I was also curious as to why the man may have believed no one would notice him, since I doubted that somebody drunk enough to believe that was possible would even be able to drive. As I’m sure you know, the quickest way between Almere and Lelystad is to take the A6. That’s usually about a 30-minute drive. But even in the middle of the night, when I assume this happened, there might be significant traffic on that road. This report says he was stopped on the A6, but others say it was on the Oostvaardersdijk:

Oostvaardersdijk on the Markermeer

That trip would take twice as long, but maybe there’s less traffic?

Based on this more recent report, though, it may be that our hero did try to take the A6 but his car broke down. Because according to the report, somebody came along and helpfully gave him a tow.

Yeah, that’s much safer (image: Ben Rademaker)

Here’s what the report says about it, as Google translated it from the original Dutch:

This man [the good Samaritan] had nothing to do with the lantern transport. “He saw that the Twingo was in a dangerous place on the A6 with his special cargo and took him towed and left behind in a parking lot at the Oostvaardersdijk. There the agents saw the car with the masts on the roof,” said a spokesman for the police [of] Flevoland ….

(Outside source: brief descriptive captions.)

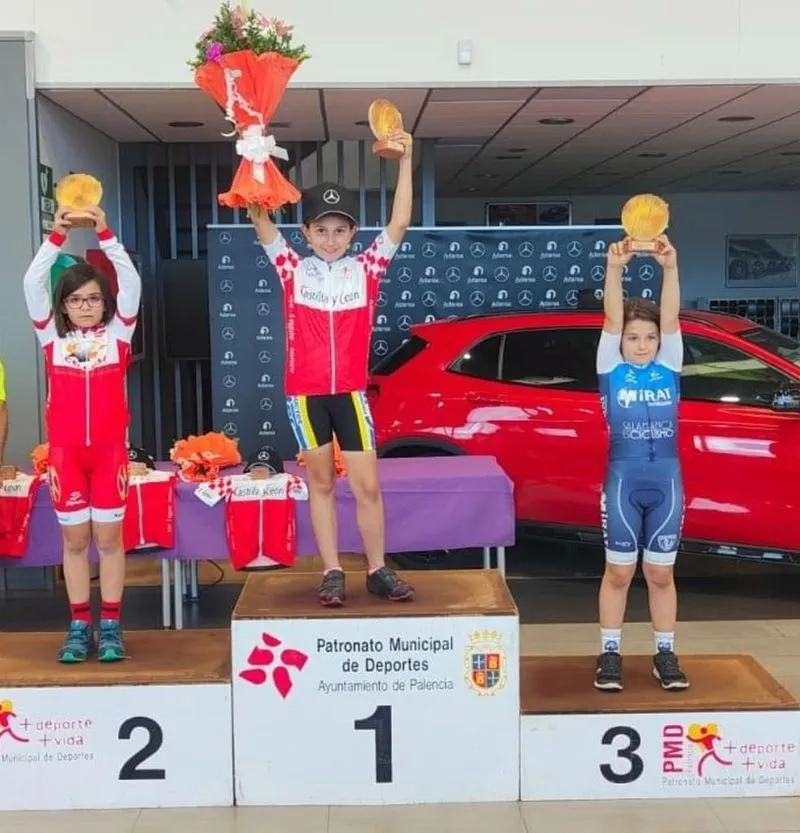 Deportistas de la Escuela Mirat – Salamanca es Ciclismo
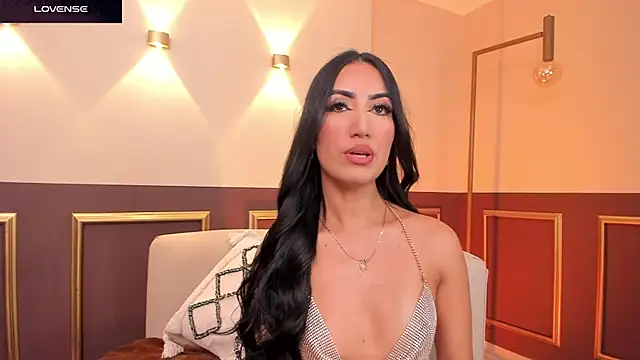 morganlake  online show from April 11, 3:44 am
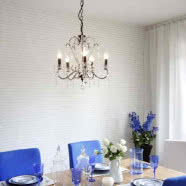 Biel i kobalt - metamorfoza mieszkania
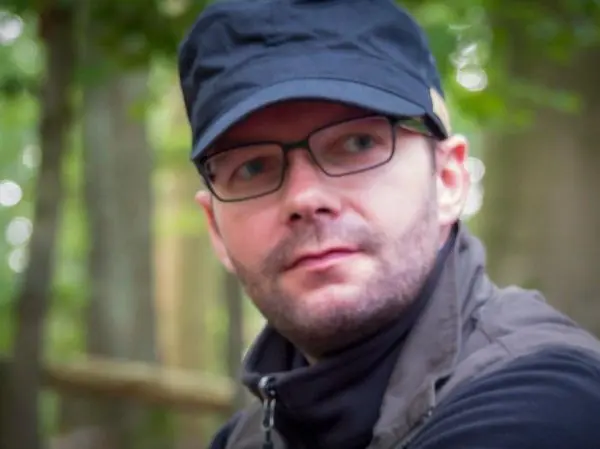 Es sind keine erkennbaren Aktivitäten oder Objekte sichtbar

Again, questions remain. The most obvious being: What are the odds this guy would be rescued by someone in a car even more embarrassing than his own?

The report says that’s a “Citroën 2 Chevaux,” and if this is correct then that car is not less than 27 years old and has an engine that delivers, at most, 29 horsepower. Less than half the power of a Twingo! How does a car like that tow anything, much less a fully loaded lantern transport? And regardless of the horsepower, how could towing have been safer than leaving it or just pushing it off the road? Hope the guy doesn’t pass out while you’re towing him, because good luck coming to a stop without getting your clown car impaled by a lamppost.

The more recent report did provide a little more detail on the charges against the lamppost-stealer. Not only was he allegedly intoxicated and in possession of stolen property, he didn’t have insurance, his license was expired, and of course, “cargo may not be transported in this way.” More charges may be pending. (Possibly my favorite Google translation here: the suspect “is still enclosed for research.”)

Still nothing on the details of the theft, or what his motive might have been. Though we do get this (again via Google Translate):

The Twingo driver is a 28-year-old resident of Almere. Where the man has the lampposts is not known yet. No reports have been reported. He came from Lelystad. “We have not seen this before. You also wonder what to do with such a booty. Sell ​​like old iron?”

I think that means the plan was probably to cut up the poles and sell them for scrap, although it would’ve been a lot easier to cut them up before moving them. That might have attracted attention, though.

The case immediately made me think of the Great Totem Pole Caper of 2011, although that guy at least had the sense to use a truck to move his booty.